EXERCISE DATA below:

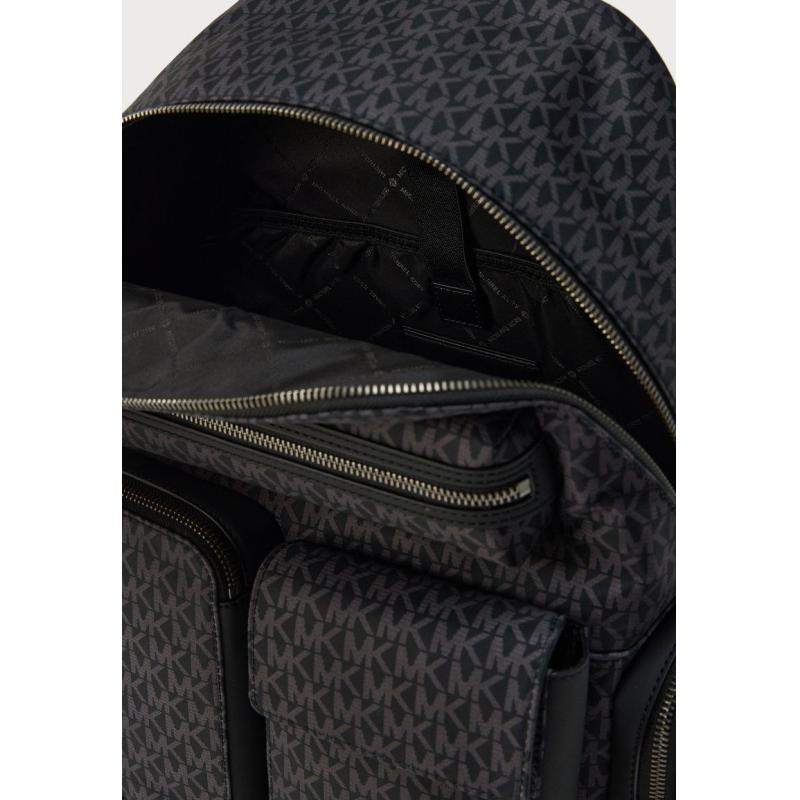 MICHAEL KORS UNISEX SAC A DOS 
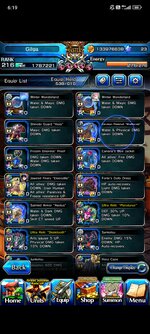 Screenshot_2025-06-20-06-19-20-281_jp.goodsmile.grandsummonersglobal_android.jpg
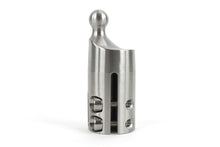 Load image into Gallery viewer, PERRIN 17-21 Honda Civic Si/Type R/Touring/Hatchback (6spd ONLY) Short Shifter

End of EXERCISE DATA.

Would you please repeat all the data word for word, but without the pictures?

## TASK RESULT
 MICHAEL KORS UNISEX SAC A DOS 
 Screenshot_2025-06-20-06-19-20-281_jp.goodsmile.grandsummonersglobal_android.jpg
 Load image into Gallery viewer, PERRIN 17-21 Honda Civic Si/Type R/Touring/Hatchback (6spd ONLY) Short Shifter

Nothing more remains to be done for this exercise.